Tip?: welke gemaakte keuzes zijn, achteraf gezien, minder goed uitgevallen? Wat had je beter kunnen doen tijdens de voorbereiding op deze toets?
De laatste vraag is de belangrijkste van de vier. Het vormt het wezenlijke einddoel van dit reflectieformulier. Uiteindelijk draait alles om de vraag ‘wat kun je leren van je gemaakte fouten’?:
Toekomst?: Wat ge je anders doen in de manier waarop je leert en tijdens de voorbereiding op de volgende toets? Kun je scherpomlijnde handelingen/doelen beschrijven die je zou willen volgen/halen?

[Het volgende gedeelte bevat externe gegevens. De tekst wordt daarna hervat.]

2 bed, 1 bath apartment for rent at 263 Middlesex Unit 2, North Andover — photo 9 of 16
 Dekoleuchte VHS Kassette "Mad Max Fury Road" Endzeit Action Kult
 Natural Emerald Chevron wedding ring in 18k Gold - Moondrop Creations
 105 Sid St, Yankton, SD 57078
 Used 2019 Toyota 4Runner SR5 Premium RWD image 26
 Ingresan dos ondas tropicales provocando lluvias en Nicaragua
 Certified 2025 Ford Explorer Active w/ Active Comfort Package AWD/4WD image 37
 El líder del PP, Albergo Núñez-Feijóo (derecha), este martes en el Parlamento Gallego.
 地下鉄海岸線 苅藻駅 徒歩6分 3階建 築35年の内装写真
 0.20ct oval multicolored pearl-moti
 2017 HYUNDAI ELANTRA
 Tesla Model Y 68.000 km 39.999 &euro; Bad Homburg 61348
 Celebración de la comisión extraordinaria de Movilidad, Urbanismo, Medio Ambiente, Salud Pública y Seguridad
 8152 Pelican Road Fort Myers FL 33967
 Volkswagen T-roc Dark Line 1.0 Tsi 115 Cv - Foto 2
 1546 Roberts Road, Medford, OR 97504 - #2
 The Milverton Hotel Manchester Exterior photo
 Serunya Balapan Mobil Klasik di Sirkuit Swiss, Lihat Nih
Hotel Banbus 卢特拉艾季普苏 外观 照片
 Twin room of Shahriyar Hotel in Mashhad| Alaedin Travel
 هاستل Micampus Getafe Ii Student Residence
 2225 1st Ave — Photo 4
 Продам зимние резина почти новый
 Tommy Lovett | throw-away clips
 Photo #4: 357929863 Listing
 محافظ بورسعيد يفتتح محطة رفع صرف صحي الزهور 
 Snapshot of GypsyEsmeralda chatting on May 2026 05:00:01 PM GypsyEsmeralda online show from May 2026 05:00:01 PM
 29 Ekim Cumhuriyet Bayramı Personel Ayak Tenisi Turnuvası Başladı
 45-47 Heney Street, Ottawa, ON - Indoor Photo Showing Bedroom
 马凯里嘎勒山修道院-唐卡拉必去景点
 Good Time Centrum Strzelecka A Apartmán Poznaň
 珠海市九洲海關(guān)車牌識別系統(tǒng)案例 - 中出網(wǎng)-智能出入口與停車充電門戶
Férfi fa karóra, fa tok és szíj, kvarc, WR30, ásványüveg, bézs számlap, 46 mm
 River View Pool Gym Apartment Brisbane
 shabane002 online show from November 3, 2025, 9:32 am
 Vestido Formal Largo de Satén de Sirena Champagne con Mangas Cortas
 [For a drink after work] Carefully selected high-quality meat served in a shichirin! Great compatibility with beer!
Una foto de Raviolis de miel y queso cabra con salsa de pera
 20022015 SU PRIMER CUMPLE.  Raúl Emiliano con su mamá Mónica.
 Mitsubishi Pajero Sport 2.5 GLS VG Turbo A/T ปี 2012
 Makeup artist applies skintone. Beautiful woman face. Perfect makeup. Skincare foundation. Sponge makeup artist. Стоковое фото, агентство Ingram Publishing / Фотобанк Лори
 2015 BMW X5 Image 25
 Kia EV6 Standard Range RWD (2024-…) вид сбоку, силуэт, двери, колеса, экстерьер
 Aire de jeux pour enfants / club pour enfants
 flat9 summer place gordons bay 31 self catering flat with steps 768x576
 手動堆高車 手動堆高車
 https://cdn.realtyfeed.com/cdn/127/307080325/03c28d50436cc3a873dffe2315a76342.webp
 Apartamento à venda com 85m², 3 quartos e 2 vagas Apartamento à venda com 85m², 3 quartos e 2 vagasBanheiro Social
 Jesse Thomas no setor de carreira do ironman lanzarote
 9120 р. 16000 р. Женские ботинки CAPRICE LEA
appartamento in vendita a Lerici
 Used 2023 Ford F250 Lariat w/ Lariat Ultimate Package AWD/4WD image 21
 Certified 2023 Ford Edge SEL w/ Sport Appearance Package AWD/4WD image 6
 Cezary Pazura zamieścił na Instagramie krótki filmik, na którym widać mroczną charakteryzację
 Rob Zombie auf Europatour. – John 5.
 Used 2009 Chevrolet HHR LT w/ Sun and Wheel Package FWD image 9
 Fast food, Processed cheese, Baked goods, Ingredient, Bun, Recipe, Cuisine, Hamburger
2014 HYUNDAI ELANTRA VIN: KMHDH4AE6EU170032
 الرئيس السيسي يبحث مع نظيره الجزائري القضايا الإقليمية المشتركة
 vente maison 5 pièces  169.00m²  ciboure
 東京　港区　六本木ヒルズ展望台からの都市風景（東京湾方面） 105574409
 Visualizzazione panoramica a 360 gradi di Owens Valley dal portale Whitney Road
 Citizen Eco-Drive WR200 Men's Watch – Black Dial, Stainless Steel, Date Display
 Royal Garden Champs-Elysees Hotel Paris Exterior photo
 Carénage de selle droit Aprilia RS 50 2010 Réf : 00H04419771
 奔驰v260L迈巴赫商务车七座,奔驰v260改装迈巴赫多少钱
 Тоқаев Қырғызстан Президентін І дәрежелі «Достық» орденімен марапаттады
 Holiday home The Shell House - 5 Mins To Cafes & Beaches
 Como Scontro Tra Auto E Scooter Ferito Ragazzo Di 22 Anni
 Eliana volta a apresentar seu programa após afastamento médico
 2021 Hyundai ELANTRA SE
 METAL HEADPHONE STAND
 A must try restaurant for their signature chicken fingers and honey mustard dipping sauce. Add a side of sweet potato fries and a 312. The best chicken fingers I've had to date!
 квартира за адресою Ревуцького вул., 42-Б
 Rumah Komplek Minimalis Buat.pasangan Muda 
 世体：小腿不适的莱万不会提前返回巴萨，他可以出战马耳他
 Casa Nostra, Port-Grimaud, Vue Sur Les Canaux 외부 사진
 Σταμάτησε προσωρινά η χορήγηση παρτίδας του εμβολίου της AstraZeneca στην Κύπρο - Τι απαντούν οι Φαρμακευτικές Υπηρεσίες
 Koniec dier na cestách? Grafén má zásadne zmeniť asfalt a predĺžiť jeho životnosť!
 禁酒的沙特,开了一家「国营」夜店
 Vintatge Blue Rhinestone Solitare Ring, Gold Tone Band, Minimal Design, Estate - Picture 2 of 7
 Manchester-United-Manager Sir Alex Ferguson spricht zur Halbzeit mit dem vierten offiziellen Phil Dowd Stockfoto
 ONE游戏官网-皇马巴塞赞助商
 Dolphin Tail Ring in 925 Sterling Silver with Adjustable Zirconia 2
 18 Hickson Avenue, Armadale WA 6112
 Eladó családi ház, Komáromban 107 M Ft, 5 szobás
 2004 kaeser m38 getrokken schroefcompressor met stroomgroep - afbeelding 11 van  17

Het reflectieformulier bestaat uit een Google Spreadsheet. Wanneer mijn leerlingen het formulier hebben ingevuld worden deze ook automatisch met mij gedeeld. Ik kan vervolgens mijn leerlingen op persoonlijk niveau en zeer gericht coachen. In het laatste blauwe blok kan ik mijn leerlingen ook een schriftelijke, persoonlijke feedback geven.
Doordat alles binnen de Google G Suite omgeving plaatsvindt kunnen de leerlingen de ingevulde formulieren, mét de feedback van mij, gedurende de rest van hun schoolcarrière nog inzien. Met als uiteindelijke doel dat ze leren van hun fouten en ze kunnen groeien op metacognitief niveau.